Exercise data —
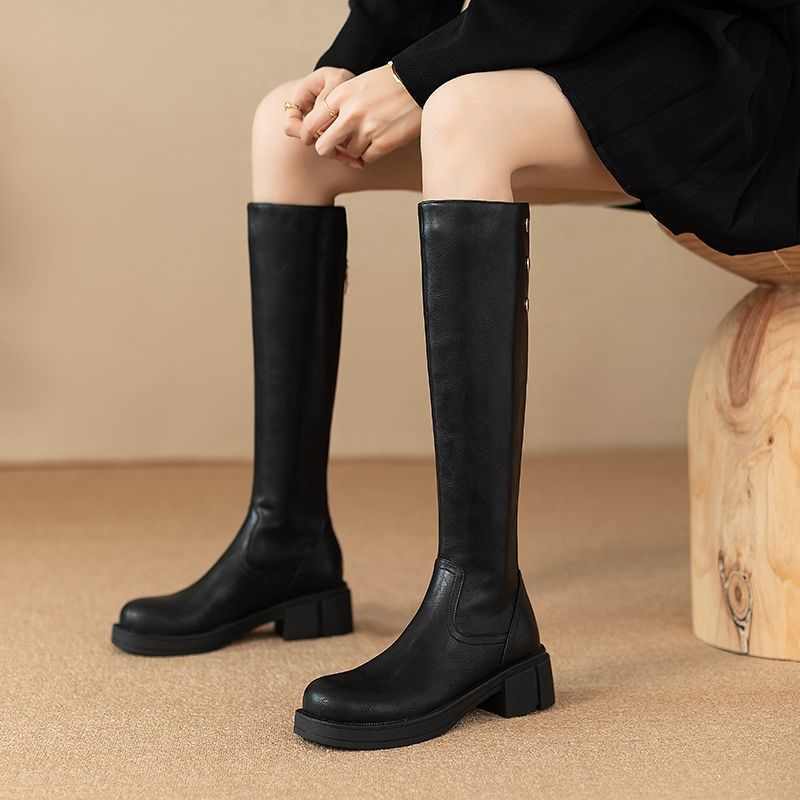 Leatherwork Designs - Herbst Winter Mittleren Absatz Damen Kniehohe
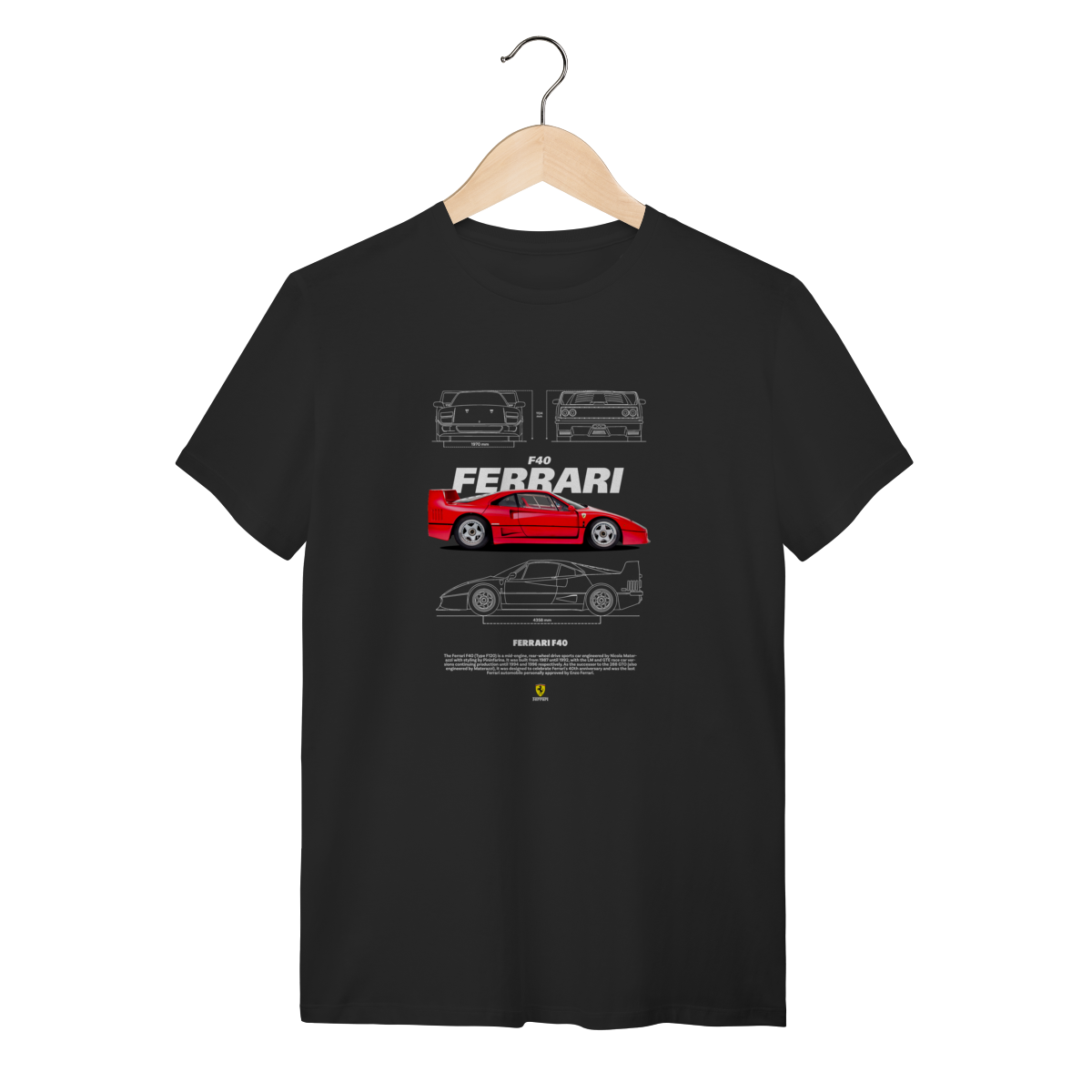 Nome do produto: Camiseta Ferrari F40 Vermelha - Estampa Blueprint Ícone Supercarro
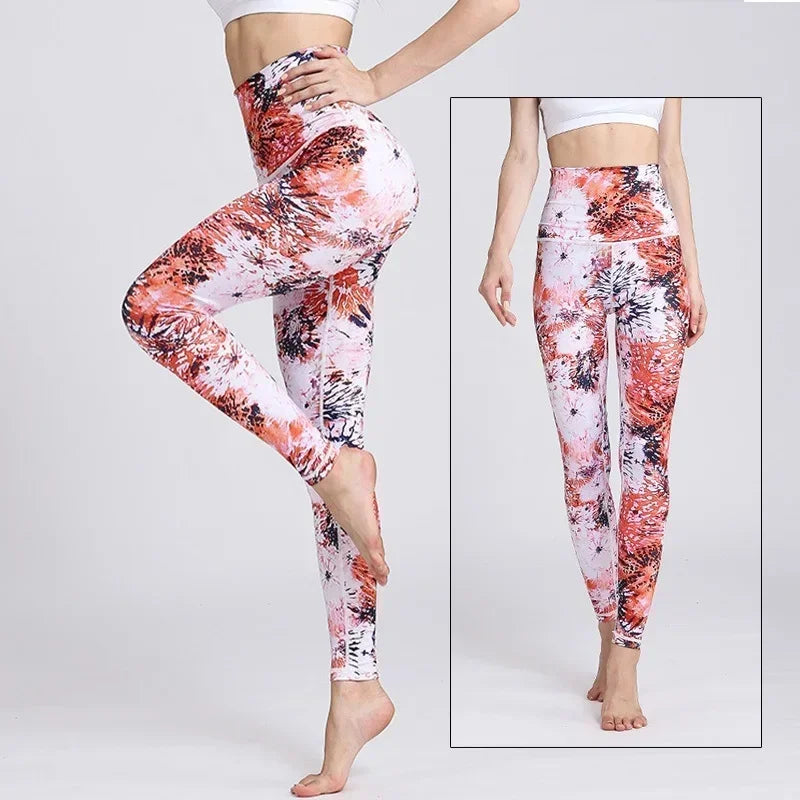 Yoga Pants Flower High Waist Sports Leggings for women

Your assignment —
Leave every image out when you return the material above word for word.

Answer —
 Leatherwork Designs - Herbst Winter Mittleren Absatz Damen Kniehohe
 Nome do produto: Camiseta Ferrari F40 Vermelha - Estampa Blueprint Ícone Supercarro
 Yoga Pants Flower High Waist Sports Leggings for women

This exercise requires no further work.